The Kremlin has urged Russians to “unite” around President Vladimir Putin, more than one week after he ordered troops into neighbouring Ukraine.
Anti-war protests have taken place in a number of Russian cities since the invasion began on February 24, with police detaining more than 8,000 participants, according to OVD-Info, a rights group tracking political arrests. Meanwhile, a number of prominent Russians have also joined a chorus of international condemnation of the war.
“Now is not the time to be divided,” the Kremlin’s spokesman Dmitry Peskov told reporters on Friday, responding to a question on pleas from public figures to end the war.
“Now is the time to unite, to unite around our president,” he said.
Since Russia began what it calls its “special operation”, Russian public figures have been divided.
“Yes, indeed, there are heated debates among cultural figures,” Peskov said. “Many support the president, sincerely the president. There are those who completely misunderstand the essence of what is happening,” he added.
Other Russian celebrities are signalling their support.
The Munich Philharmonic, amid a growing cultural backlash, fired conductor and Kremlin loyalist Valery Gergiev on Tuesday after he failed to denounce Moscow’s invasion.
Peskov said Putin had no immediate plans to speak with US President Joe Biden about the conflict, and said any contact between Russian and Ukrainian officials should be through conflict negotiators, not leaders.

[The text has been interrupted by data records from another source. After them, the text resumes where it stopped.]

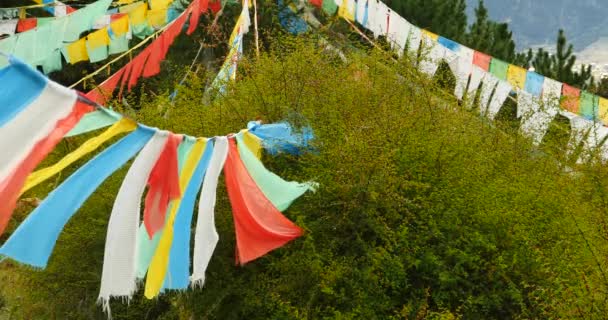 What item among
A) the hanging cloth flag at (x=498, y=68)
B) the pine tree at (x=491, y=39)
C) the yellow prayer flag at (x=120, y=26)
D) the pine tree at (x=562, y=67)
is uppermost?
the yellow prayer flag at (x=120, y=26)

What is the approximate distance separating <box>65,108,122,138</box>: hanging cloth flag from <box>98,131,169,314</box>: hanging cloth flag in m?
0.26

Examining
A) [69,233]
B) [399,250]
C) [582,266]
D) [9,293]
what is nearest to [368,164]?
[399,250]

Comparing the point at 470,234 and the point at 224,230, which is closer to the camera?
the point at 470,234

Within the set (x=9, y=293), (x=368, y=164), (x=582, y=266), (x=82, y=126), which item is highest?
(x=82, y=126)

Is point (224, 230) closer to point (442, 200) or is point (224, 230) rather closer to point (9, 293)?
point (442, 200)

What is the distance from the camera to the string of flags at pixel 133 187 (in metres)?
3.60

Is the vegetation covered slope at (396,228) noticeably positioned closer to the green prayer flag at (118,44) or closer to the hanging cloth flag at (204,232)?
the hanging cloth flag at (204,232)

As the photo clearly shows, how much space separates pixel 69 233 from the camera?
565cm

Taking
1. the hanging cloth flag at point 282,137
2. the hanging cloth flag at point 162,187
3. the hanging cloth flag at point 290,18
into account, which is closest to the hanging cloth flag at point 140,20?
the hanging cloth flag at point 290,18

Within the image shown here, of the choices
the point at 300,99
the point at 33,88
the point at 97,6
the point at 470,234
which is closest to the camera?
the point at 33,88

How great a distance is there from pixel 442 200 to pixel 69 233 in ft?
8.66

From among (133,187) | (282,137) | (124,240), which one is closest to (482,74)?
(282,137)

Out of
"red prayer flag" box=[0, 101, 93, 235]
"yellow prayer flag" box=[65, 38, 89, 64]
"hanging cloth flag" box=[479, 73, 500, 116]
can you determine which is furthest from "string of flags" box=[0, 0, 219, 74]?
"red prayer flag" box=[0, 101, 93, 235]

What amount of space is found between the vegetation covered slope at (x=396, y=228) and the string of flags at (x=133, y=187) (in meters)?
0.34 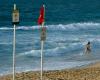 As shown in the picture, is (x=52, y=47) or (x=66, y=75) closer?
(x=66, y=75)

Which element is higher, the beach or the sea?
the beach

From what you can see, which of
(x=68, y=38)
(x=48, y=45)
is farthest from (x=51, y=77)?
(x=68, y=38)

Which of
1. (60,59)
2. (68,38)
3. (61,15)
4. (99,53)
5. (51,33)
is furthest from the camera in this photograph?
(61,15)

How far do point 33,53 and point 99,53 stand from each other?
13.0ft

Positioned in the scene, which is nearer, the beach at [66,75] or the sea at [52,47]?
the beach at [66,75]

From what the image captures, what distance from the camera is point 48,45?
125 feet

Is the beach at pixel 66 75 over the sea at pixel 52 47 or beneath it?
over

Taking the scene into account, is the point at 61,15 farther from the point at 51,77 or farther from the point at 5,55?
the point at 51,77

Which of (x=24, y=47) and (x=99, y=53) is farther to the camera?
(x=24, y=47)

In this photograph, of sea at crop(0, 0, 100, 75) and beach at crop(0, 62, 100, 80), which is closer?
beach at crop(0, 62, 100, 80)

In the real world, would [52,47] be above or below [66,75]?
below

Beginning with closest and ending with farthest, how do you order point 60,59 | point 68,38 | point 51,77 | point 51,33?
1. point 51,77
2. point 60,59
3. point 68,38
4. point 51,33

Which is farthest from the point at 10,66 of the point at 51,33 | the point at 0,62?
the point at 51,33

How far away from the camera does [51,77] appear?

“Now is not the time,” he said in response to another question about a possible meeting between Putin and Ukrainian President Volodymyr Zelenskyy.
On Thursday, Zelenskyy had urged Putin to hold direct talks, saying “there is no other way to stop this war”.
“What do you want from us? Leave our land,” he said, addressing Putin. “Sit down with me, just not 30 metres away”, he added, making a reference to the Russian president receiving world leaders at an enormously long table.
Meanwhile, Russia’s media watchdog said on Friday it restricted access to several independent media websites, including the BBC, tightening controls over the internet, following a request from prosecutors.
Separately, the Russian parliament backed a legal amendment that will pave the way for heavy fines and up to 15 years’ imprisonment for the spread of false information about the country’s armed forces.
It comes amid a sweeping crackdown on media freedoms that has seen two of the country’s most liberal outlets – TV Rain (Dozhd) and Ekho Moskvy radio station – closed.
Russia rejects the term invasion, and says the military actions are not designed to occupy territory but to destroy Ukraine’s military capabilities and capture what it regards as dangerous nationalists – a pretext rejected by Ukraine and the West as baseless propaganda.